Governação e impacto mensurável
O modelo do AGIR assenta em critérios objetivos, avaliação independente e acompanhamento técnico especializado. A cada edição é definido um tema prioritário, alinhado com necessidades emergentes e com os objetivos estratégicos de sustentabilidade.
A arquitetura do programa inclui seleção transparente, financiamento atribuído por mérito e monitorização da execução com base em indicadores mensuráveis.
Esta abordagem permite maximizar o retorno social do investimento e reforçar a dimensão “S” dos critérios ESG.
1º lugar - 30.000 euros. SMAC - Serviço Móvel de Apoio ao Cuidador Santa Casa da Misericórdia do Marco de Canaveses
O projeto vai abranger 120 cuidadores informais, com um programa integrado de oficinas de bem-estar, apoio psicológico, formação em saúde e consultas de especialidade, complementado por cerca de 1.000 visitas domiciliárias ao longo do ano. Maria Amélia Ferreira, provedora da Santa Casa do Marco de Canaveses, destaca: “O Serviço Móvel de Apoio ao Cuidador consiste numa intervenção comunitária de apoio àqueles que cuidam de alguém frágil. O impacto está direcionado para a criação de bem-estar e manutenção da saúde destes cuidadores, que muitas vezes entram em burnout, o que não é benéfico nem para eles nem para quem cuidam”.

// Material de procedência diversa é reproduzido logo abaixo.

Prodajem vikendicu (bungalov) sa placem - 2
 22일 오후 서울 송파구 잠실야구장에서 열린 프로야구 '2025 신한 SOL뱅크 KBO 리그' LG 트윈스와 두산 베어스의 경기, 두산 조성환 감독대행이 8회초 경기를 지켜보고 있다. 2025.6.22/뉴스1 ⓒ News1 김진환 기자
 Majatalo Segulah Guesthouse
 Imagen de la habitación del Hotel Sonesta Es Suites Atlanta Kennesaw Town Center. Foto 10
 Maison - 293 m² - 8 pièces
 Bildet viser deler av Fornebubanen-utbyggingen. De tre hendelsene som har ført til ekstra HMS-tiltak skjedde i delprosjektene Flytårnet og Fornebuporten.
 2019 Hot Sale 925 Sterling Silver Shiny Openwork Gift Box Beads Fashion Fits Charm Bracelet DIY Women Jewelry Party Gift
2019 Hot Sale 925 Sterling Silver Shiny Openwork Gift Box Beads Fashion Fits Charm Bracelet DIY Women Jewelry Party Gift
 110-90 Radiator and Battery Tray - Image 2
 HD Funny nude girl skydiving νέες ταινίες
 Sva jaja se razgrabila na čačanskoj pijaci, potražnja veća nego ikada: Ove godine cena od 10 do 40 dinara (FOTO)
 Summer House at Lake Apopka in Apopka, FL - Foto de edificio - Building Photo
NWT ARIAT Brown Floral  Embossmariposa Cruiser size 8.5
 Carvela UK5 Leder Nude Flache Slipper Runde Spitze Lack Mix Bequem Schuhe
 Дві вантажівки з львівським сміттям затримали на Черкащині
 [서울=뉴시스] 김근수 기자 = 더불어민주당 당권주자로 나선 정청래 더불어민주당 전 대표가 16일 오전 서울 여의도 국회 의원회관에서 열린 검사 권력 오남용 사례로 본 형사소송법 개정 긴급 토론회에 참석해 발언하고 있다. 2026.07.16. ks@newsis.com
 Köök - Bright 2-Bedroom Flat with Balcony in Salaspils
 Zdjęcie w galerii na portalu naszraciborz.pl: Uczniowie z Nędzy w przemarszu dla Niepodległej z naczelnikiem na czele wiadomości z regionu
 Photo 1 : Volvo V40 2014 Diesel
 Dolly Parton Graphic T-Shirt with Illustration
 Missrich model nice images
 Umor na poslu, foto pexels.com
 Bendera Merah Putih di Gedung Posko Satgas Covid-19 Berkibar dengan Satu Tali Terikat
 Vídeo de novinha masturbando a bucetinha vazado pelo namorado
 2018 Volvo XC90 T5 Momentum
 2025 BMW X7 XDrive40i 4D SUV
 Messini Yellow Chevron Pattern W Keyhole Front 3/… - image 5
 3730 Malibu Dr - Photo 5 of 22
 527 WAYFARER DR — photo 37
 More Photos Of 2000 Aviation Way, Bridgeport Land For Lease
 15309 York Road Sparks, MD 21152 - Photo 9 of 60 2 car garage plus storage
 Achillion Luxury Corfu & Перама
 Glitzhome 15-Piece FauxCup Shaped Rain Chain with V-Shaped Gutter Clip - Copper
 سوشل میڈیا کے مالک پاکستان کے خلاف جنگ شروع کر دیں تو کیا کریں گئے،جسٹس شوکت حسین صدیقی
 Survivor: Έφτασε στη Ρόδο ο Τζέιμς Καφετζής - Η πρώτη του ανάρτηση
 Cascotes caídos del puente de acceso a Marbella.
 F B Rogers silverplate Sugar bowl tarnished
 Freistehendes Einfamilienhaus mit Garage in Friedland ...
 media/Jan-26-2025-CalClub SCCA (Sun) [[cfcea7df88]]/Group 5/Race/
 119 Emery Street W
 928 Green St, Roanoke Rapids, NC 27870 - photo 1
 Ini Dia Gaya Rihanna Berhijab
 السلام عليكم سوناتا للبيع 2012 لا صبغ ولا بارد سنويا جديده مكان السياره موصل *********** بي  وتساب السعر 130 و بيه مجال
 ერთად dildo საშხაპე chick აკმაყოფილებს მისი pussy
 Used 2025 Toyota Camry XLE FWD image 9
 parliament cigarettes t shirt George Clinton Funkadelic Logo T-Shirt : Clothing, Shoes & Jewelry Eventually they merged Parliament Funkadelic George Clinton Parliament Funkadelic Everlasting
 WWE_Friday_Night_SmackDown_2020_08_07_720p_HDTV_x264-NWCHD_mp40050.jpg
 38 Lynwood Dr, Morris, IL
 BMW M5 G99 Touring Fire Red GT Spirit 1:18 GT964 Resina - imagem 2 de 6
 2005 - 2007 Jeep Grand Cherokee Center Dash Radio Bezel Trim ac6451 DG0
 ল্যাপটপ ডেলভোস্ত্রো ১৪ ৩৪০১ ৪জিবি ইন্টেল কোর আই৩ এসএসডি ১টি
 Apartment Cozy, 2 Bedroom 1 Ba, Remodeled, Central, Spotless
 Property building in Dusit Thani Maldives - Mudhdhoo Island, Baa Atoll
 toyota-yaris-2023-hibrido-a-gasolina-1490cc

2.º lugar – 15.000 euros. EntreLaços – Cuidar com Saber Instituto Irmãs Hospitaleiras do Sagrado Coração de Jesus
O projeto apoia 20 cuidadores através de 12 sessões de grupo de psicoeducação, duas sessões conjuntas com as pessoas cuidadas e 40 atendimentos individuais, complementadas pela criação de um Grupo de Ajuda Mútua. Ana Filipa Mota, responsável pelo projeto, explicou o que esteve na sua génese: “O EntreLaços nasce do contacto direto com os cuidadores. Mais de 80% sofrem de exaustão emocional. Ao empoderá-los, sentimos um impacto profundo, que se reflete na relação com a pessoa cuidada e no equilíbrio familiar.”.
3.º lugar – 5.000 euros. Colmeia Cooperativa LongeVidade, Porto e Gondomar
O projeto apoia 30 cuidadores, combinando formação presencial e online, apoio emocional, atividades de recreação e lazer, kit de primeiros socorros emocionais e uma rede de voluntariado local. Ana Sofia Costa, diretora da LongeVidade, explica a estratégia que agora vai ser alavancada com a distinção do Prémio AGIR, da REN. “Queremos criar uma comunidade que cuida, com afeto, conhecimento e tempo. O Prémio AGIR permitirá transformar o cuidado num projeto comunitário replicável noutras regiões do país.”.